2. É preciso chegar ao Iluminismo, no século XVIII, para encontrar pela primeira vez um sério debate sobre a licitude ou oportunidade da pena capital. O livro de BECCARIA, DOS DELITOS E DAS PENAS (1764), enfrenta seriamente o problema e oferece alguns argumentos racionais para dar-lhe uma solução que contrasta com uma tradição secular.

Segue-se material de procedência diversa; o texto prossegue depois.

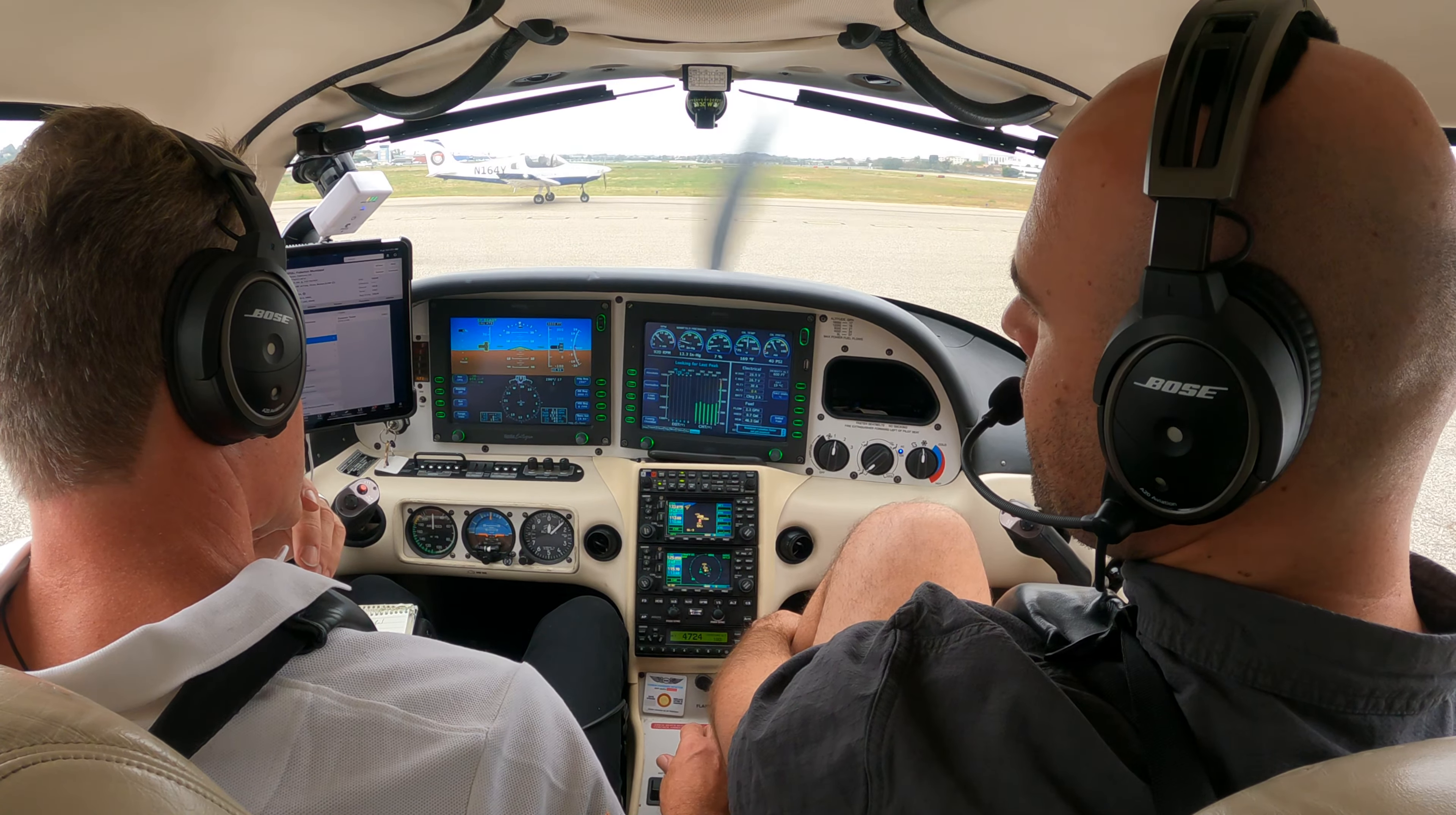Exactly. And if I'm not actually aligned on the approach—or aligned is not the right word—established? Established on the approach, then I could get a false glide slope.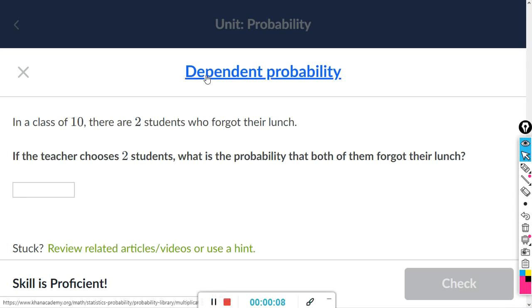This will be for the con assignment, dependent probability. For most of these, you're just multiplying the probabilities.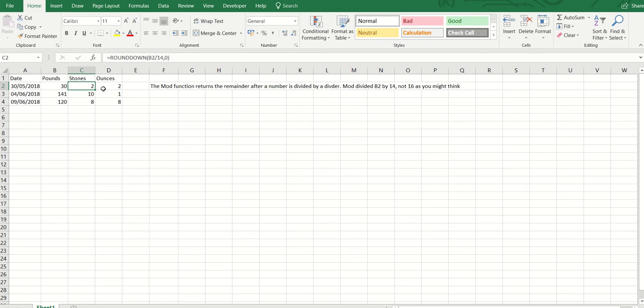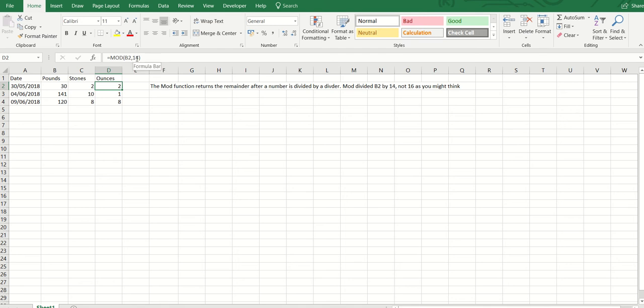Now, the bone of contention on the other video was not on the stones but on the ounces. Obviously there are 16 ounces in a pound, so you would naturally think to divide that by 16, but that's not the case.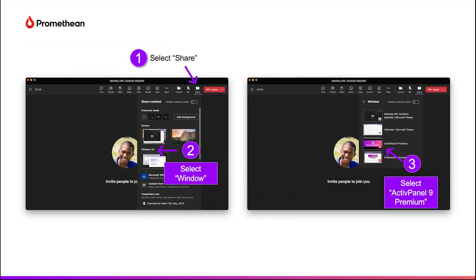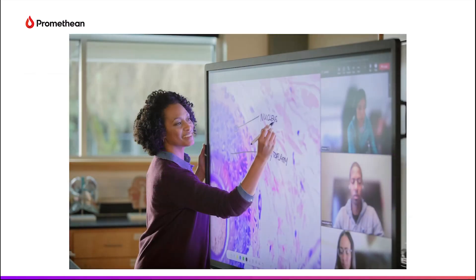You can share this window in video conferences. Teach your lesson at the ActivePanel like normal. Students will see your lesson on their screens in full resolution and clarity, as if they were in front of it.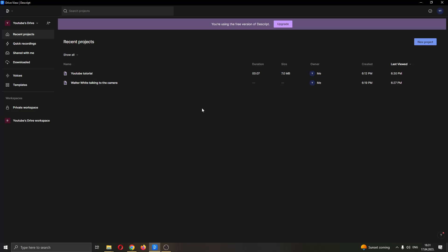The first thing you want to do is download the official Descript application. After downloading and installing it, login to your account and you will be greeted by this main page, which is the main page of the Descript application.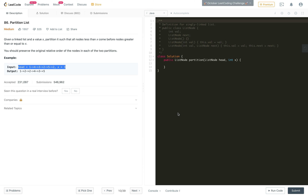So given a linked list and a value x, partition it such that all the nodes less than x come before nodes greater than or equal to x. Here in this list we have nodes 1, 4, 3, 2, 5, 2 and the x value is 3.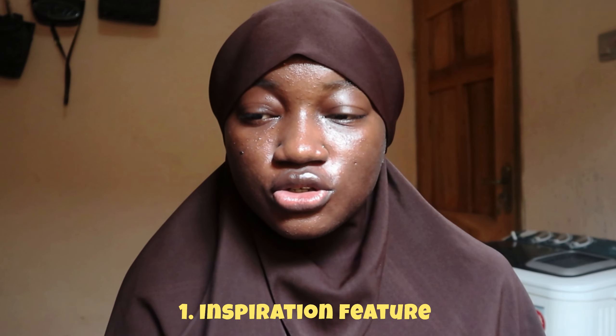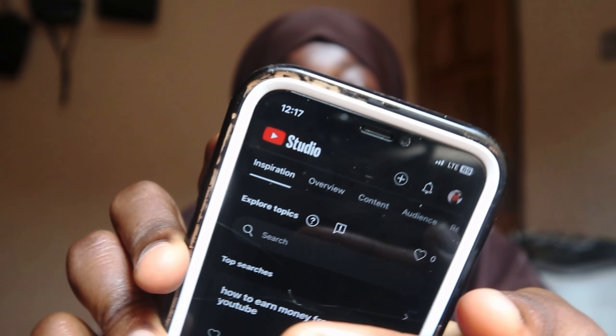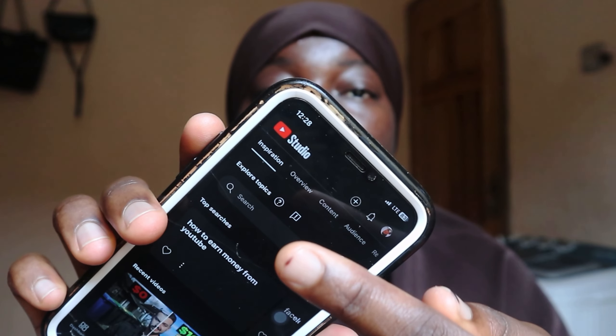The first thing you need to do is make use of the Inspiration feature in your YouTube Studio. I'm going to show you — you'll see it here. You'll see Inspiration, Overview, Content, Audience Retention, and all those things. The other tabs are what you use to check your analytics, but Inspiration is the part where you learn what your audience are searching for and what your prospective audience are searching for, so you can tailor that to creating videos people want to see.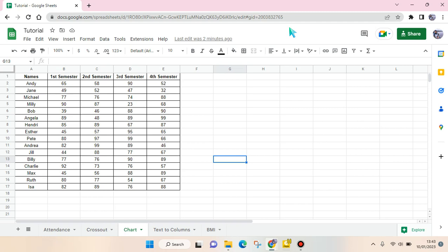Hi everyone, welcome back to this channel. In this video I'm going to show you how to create a pie chart in Google Sheets. In here I already have a simple data and I want to make a pie chart based on this data.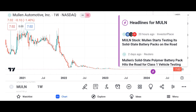Conclusion: summarize the key points discussed in the video, emphasizing Micron's strengths, opportunities, and potential risks. Encourage viewers to conduct their own research and consult with financial advisors before making investment decisions. Thank viewers for watching and invite them to like, share, and subscribe to the channel for more content.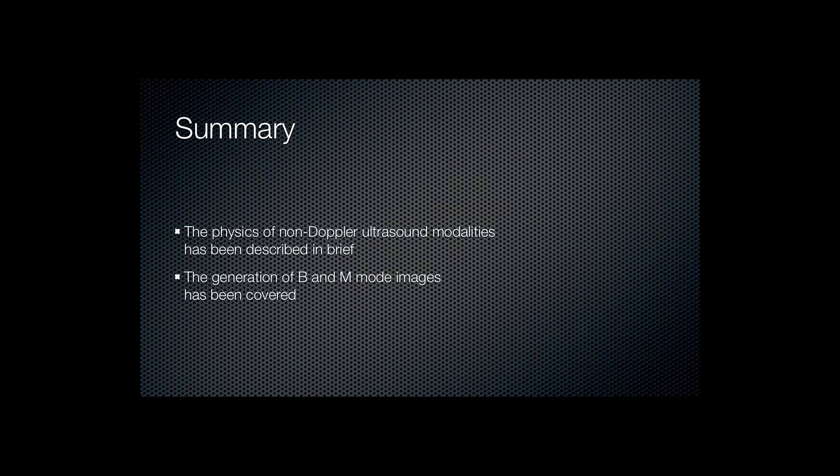So in summary, we've dealt with the physics of non-Doppler ultrasound modalities. In this course, we won't be dealing with any Doppler-related imaging. And we've also described the generation of B and M mode images.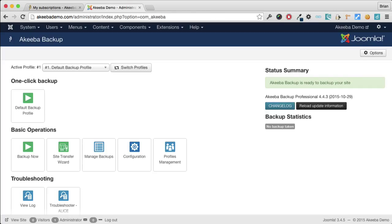But remember, the backup is still set to be stored on your web server. So it's essential that you download the backup file to your own computer to keep it safe.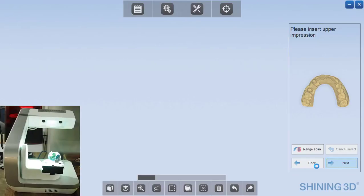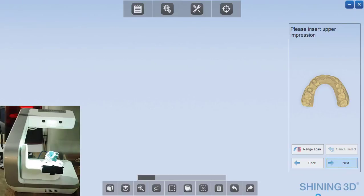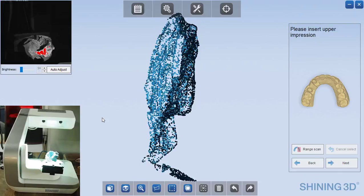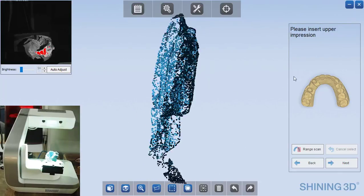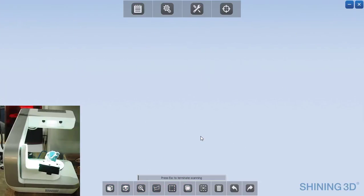So I'll click next and now we just need to flip the impression. So it's just very simple, flip it over. Right now the software is generating the 3D rendering of that and now we're ready to do the opposing side. Next.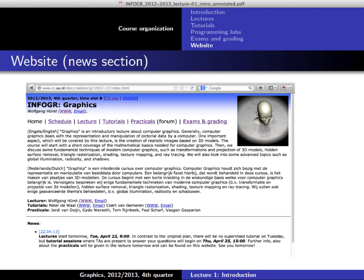Both exams are mandatory. If you cannot attend one, let me know in time and you can usually do the retake instead. The exam counts twice as much as your programming assignments toward the final grade. Always check the website for final information. I put the website online yesterday. I post important last-minute information and changes on the news section of the front page — so just check the front page regularly to stay updated.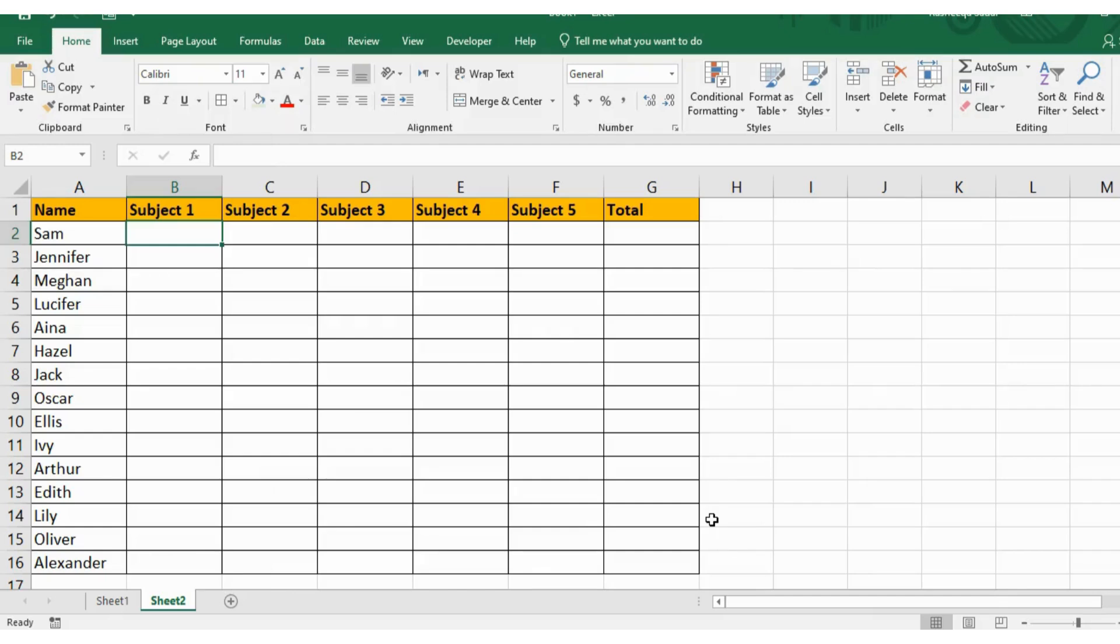Me and my friend went to an Excel job interview. The interviewer asked my friend to fill in all the subject marks of students and then total them here. He said that this task should be completed within just one minute.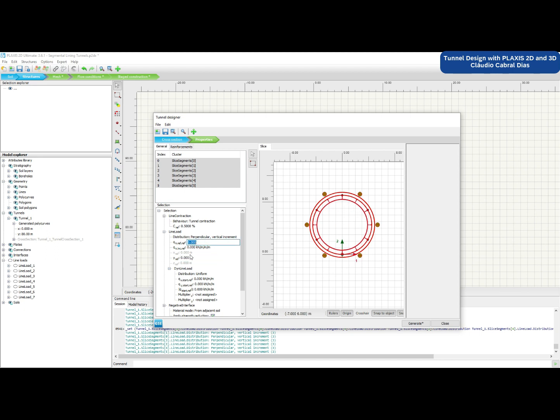Hi everyone, I'm Claudio Diaz and in this course you're going to learn about paneling design using Plexis 2D and 3D.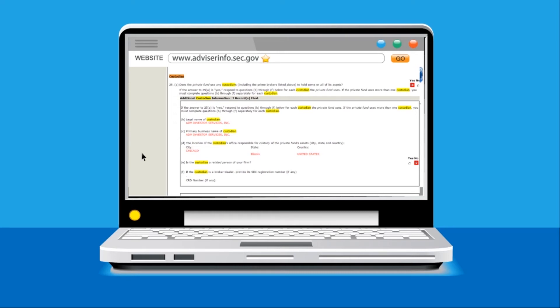However, there is still a way to use publicly disclosed information from the firm to narrow down what custodians the firm is likely holding shares at or not holding shares at.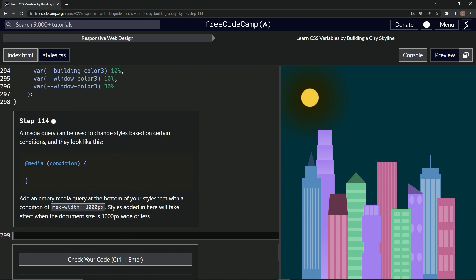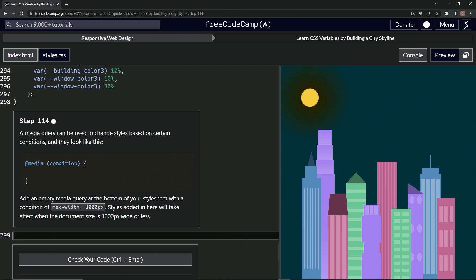So a media query can be used to change styles based on certain conditions, just like we used to do in whichever one we did this last time. So we're going to add an empty media query at the bottom of our stylesheet with a condition of max-width 1000 pixels. Styles added in here will take effect when the document size is 1000 pixels wide or less.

O ponto de partida usado por Beccaria é saber qual é a força intimidatória da pena de morte com relação a outras penas. Diz Beccaria que o que constitui uma razão para não se cometer o delito não é tanto a severidade da pena quanto a certeza de que se será de algum modo punido. Subsidiariamente, Beccaria introduz um segundo princípio: a intimidação nasce não da intensidade da pena, mas de sua extensão, como é o caso, por exemplo, da prisão perpétua. A pena de morte é muito intensa, ao passo que a prisão perpétua é muito extensa. Portanto, a perda perpétua total da própria liberdade tem mais força intimidatória do que a pena de morte.

3. Apesar do sucesso literário do livro junto ao público culto, nem a pena de morte foi abolida nos países civilizados, tampouco a causa da abolição predominou na filosofia penal da época, como se pode notar entre os mais ilustres pensadores da época: ROUSSEAU, no Contrato social, KANT e HEGEL.

No capítulo “Do direito de vida e de morte”, Rousseau disse: “É para não ser vítima de um assassino que alguém consente em morrer caso venha a ser assassino”. Portanto, a atribuição ao Estado do direito à própria vida serve para garanti-la contra o ataque dos outros.

Kant – partindo da concepção retributiva da pena, segundo a qual a função da pena não é prevenir os delitos, mas fazer com que haja uma perfeita correspondência entre o crime e o castigo – afirma que o dever da pena de morte cabe ao Estado e é um imperativo categórico, não um imperativo hipotético, fundado na relação meio-fim.

Hegel afirma que o delinquente não só deve ser punido com uma pena correspondente ao crime cometido como tem o direito de ser punido com a morte, já que somente a punição o resgata e é somente através dela que ele é reconhecido como ser racional (aliás, ele é “honrado”, diz Hegel).

4. Enquanto os maiores filósofos da época continuavam a defender a legitimidade da pena de morte, um dos maiores defensores de sua abolição foi ROBESPIERRE, num discurso à Assembléia Constituinte de maio de 1791. ROBESPIERRE refuta, em primeiro lugar, o argumento da intimidação, com o exemplo do Japão: na época, afirmava-se que, embora as penas aplicadas no país fossem atrozes, o Japão era um país de criminosos. Depois, refuta o argumento fundado na justiça. Finalmente, aduz o argumento da irreversibilidade dos erros judiciários.

5. Apesar da persistência e da predominância das teorias antiabolicionistas, não se pode dizer que o debate sobre a pena de morte, levantado por Beccaria, tenha deixado de produzir efeitos. Ele não visou somente à sua abolição: num primeiro momento, dirigiu-se para a limitação dessa pena a alguns crimes especificamente determinados; depois, para a eliminação dos suplícios (ou crueldades inúteis); e, num terceiro momento, para a supressão de sua execução pública.

Hoje, muitos Estados não abolicionistas buscaram tornar a pena de morte o mais indolor (ou menos cruel) possível. Naturalmente, isso não quer dizer que o conseguiram (seja na guilhotina francesa, no enforcamento inglês e na cadeira elétrica norte-americana, a morte nem sempre é instantânea). A execução não se realiza mais à vista do público, ainda que o eco de uma execução na imprensa substitua a antiga presença do público na praça.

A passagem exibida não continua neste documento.